About 4. I imagine finding a file using metadata could potentially be a lot faster than traversing a directory structure but referencing a certain file would be a nightmare. How would I know how much meta data I would need to supply in order to be sure I get the right file back during a lookup. My solution here would be to filter resources before executing the search. What I thought about was to create something simular to a view that works by only showing me files in the filesystem that fills a criteria i.e. having a certain type of metadata. In this view only a subset of resources are available to you. If you think about it, for most of your tasks you do you are only working on a small set of files at the same time. You are most likely not interested in the entire filesystem all at once. If you switch and work on something else you might be interested in another set of files. Is it actually necessary to have the entire tree of directories available to you the whole time?
I am gonna start doing some experiments on implementing views instead of directories. It will be interesting to see how having different views of the filesystem would work and what problems I would run into. I would need a way to define a view (what metadata is part of it) and how to list views and how to switch between views. I also need some other type of function than fopen() to open files by metadata instead of pathname. Finally I need to evalute if this works better somehow.
Commence laughing.
I've had to go back to basics in a little thought experiment just to come to terms with what the underlying problem is. What is it I'm actually trying to achieve?
1. Need a way to say: This part of memory is a resource of some kind.
2. Need a way to reference it by labeling it in a way that both the computer and I (the user) can understand.
3. Need a way to group resources belonging to each other in some way.
4. Need a way to find a resource as fast as possible.
I can see how files and directories all achieve this. A file is a piece of memory and is labeled by an inode and a name and it is grouped using directories. They can also be found easily by traversing the tree.
Here are my thoughts on the subject though and this is where it might get laughable.
About 1. Not much to say. You need to say this part of memory is a resource. This I can't do without.
About 2. I think from a program perspective it would be enough to have a unique number for a resource like an inode but do I really need to reference resources by name for the user? Why is it so important that resources have a name I wonder. If I would have a lot of metadata about a resource I should be able to know it is the file I'm looking for without having to explicitly look at the name. As long as two resources are not allowed to have the same metadata there can never be disambiguations either.
About 3. Grouping in this case would also just be metadata so I wouldn't need directories.
About 4. I imagine finding a file using metadata could potentially be a lot faster than traversing a directory structure but referencing a certain file would be a nightmare.
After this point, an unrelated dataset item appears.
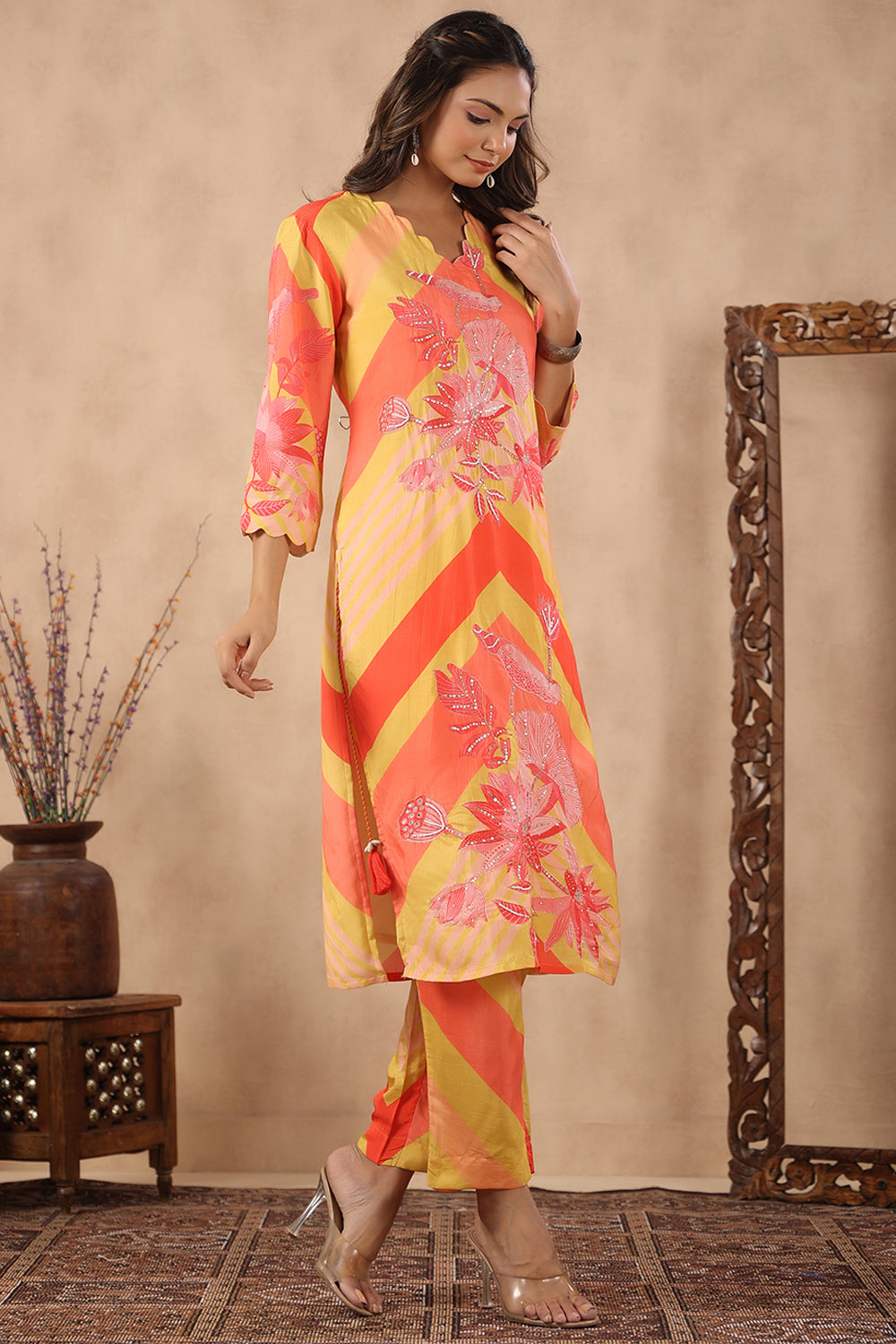 Orange & Mustard Color Muslin Printed Co-Ord Set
How would I know how much meta data I would need to supply in order to be sure I get the right file back during a lookup. My solution here would be to filter resources before executing the search. What I thought about was to create something simular to a view that works by only showing me files in the filesystem that fills a criteria i.e. having a certain type of metadata. In this view only a subset of resources are available to you. If you think about it, for most of your tasks you do you are only working on a small set of files at the same time. You are most likely not interested in the entire filesystem all at once. If you switch and work on something else you might be interested in another set of files. Is it actually necessary to have the entire tree of directories available to you the whole time?
I am gonna start doing some experiments on implementing views instead of directories. It will be interesting to see how having different views of the filesystem would work and what problems I would run into. I would need a way to define a view (what metadata is part of it) and how to list views and how to switch between views. I also need some other type of function than fopen() to open files by metadata instead of pathname. Finally I need to evalute if this works better somehow.
Commence laughing.